(What this task involves):
After locating the line that holds "2020 Cadillac CT5", output it and all following lines word for word, stopping only at the end of the data.

━━ Data for the task

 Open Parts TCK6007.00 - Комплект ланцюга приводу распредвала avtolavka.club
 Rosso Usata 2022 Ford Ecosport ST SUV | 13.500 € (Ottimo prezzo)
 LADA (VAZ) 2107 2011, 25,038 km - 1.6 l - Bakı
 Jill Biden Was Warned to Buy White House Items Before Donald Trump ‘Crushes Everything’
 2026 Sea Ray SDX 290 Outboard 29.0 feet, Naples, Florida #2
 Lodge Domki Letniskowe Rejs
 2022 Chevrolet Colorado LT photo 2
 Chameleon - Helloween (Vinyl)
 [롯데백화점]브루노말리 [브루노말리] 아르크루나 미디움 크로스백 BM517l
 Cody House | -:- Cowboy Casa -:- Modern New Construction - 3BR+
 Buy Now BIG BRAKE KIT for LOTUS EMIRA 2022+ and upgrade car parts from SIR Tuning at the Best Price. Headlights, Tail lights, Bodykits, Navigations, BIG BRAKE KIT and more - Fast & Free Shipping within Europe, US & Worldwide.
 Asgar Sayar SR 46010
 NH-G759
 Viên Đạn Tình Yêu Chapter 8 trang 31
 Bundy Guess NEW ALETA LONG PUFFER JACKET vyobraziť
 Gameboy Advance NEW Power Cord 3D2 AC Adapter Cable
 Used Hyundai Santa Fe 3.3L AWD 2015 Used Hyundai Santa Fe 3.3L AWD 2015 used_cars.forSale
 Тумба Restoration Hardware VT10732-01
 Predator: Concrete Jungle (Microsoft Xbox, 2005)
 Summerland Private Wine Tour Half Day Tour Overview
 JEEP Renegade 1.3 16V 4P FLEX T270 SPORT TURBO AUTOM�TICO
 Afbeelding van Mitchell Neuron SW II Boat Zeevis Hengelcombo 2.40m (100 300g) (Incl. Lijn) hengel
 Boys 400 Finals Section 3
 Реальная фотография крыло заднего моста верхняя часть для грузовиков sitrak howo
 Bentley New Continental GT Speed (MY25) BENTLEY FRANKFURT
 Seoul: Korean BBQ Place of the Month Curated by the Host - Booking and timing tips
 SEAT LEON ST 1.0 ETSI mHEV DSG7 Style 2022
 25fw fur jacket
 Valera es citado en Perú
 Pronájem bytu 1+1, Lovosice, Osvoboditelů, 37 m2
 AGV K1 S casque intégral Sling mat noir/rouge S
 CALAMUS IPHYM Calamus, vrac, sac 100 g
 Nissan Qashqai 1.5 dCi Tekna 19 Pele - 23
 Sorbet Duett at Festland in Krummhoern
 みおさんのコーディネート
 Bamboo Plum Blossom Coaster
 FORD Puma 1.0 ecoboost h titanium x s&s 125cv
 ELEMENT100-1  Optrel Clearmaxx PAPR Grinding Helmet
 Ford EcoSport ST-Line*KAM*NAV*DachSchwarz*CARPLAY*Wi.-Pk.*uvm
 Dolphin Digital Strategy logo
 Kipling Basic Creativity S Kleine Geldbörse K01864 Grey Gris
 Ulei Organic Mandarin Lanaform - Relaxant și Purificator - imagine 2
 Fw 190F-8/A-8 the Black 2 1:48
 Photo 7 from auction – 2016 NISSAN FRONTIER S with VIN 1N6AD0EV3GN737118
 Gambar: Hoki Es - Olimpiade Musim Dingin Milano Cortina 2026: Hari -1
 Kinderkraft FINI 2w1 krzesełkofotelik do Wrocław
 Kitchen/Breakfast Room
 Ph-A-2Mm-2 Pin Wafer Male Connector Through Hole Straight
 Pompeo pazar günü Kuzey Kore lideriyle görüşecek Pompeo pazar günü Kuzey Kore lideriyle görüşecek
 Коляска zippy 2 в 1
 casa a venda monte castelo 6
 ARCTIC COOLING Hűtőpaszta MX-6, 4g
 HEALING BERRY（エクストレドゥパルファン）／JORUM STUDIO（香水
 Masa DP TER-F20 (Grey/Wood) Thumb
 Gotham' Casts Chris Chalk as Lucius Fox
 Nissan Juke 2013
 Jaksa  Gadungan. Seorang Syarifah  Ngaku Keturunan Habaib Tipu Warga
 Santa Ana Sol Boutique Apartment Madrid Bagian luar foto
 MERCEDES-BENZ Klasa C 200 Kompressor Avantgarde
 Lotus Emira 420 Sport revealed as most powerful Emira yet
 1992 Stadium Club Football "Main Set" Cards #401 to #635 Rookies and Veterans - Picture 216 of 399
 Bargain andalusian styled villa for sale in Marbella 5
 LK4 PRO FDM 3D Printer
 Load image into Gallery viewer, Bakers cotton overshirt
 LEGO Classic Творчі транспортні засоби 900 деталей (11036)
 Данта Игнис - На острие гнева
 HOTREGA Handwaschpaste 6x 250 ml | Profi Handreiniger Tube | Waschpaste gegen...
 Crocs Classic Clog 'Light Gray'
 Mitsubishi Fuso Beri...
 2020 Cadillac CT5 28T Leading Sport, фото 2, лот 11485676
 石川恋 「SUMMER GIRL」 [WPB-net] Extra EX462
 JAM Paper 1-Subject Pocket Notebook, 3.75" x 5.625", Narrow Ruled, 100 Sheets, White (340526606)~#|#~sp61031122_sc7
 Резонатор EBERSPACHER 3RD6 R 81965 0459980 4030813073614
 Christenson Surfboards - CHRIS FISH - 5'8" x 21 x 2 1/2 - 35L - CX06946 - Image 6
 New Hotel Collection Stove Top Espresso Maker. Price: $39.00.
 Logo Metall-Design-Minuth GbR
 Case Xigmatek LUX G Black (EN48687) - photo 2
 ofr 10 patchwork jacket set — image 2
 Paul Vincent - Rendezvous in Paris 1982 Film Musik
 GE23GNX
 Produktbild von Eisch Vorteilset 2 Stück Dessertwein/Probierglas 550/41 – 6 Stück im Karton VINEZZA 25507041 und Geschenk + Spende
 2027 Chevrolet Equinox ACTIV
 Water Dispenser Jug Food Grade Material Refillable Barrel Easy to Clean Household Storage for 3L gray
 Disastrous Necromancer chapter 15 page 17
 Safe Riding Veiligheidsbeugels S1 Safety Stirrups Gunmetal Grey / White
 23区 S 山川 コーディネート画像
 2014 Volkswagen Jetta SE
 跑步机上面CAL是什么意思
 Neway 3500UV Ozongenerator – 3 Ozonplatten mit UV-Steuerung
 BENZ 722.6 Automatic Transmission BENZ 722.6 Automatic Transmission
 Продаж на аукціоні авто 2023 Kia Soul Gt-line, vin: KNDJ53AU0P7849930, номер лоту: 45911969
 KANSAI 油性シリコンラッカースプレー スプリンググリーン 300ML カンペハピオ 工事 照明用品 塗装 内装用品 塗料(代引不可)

━━━━

(Task result):
 2020 Cadillac CT5 28T Leading Sport, фото 2, лот 11485676
 石川恋 「SUMMER GIRL」 [WPB-net] Extra EX462
 JAM Paper 1-Subject Pocket Notebook, 3.75" x 5.625", Narrow Ruled, 100 Sheets, White (340526606)~#|#~sp61031122_sc7
 Резонатор EBERSPACHER 3RD6 R 81965 0459980 4030813073614
 Christenson Surfboards - CHRIS FISH - 5'8" x 21 x 2 1/2 - 35L - CX06946 - Image 6
 New Hotel Collection Stove Top Espresso Maker. Price: $39.00.
 Logo Metall-Design-Minuth GbR
 Case Xigmatek LUX G Black (EN48687) - photo 2
 ofr 10 patchwork jacket set — image 2
 Paul Vincent - Rendezvous in Paris 1982 Film Musik
 GE23GNX
 Produktbild von Eisch Vorteilset 2 Stück Dessertwein/Probierglas 550/41 – 6 Stück im Karton VINEZZA 25507041 und Geschenk + Spende
 2027 Chevrolet Equinox ACTIV
 Water Dispenser Jug Food Grade Material Refillable Barrel Easy to Clean Household Storage for 3L gray
 Disastrous Necromancer chapter 15 page 17
 Safe Riding Veiligheidsbeugels S1 Safety Stirrups Gunmetal Grey / White
 23区 S 山川 コーディネート画像
 2014 Volkswagen Jetta SE
 跑步机上面CAL是什么意思
 Neway 3500UV Ozongenerator – 3 Ozonplatten mit UV-Steuerung
 BENZ 722.6 Automatic Transmission BENZ 722.6 Automatic Transmission
 Продаж на аукціоні авто 2023 Kia Soul Gt-line, vin: KNDJ53AU0P7849930, номер лоту: 45911969
 KANSAI 油性シリコンラッカースプレー スプリンググリーン 300ML カンペハピオ 工事 照明用品 塗装 内装用品 塗料(代引不可)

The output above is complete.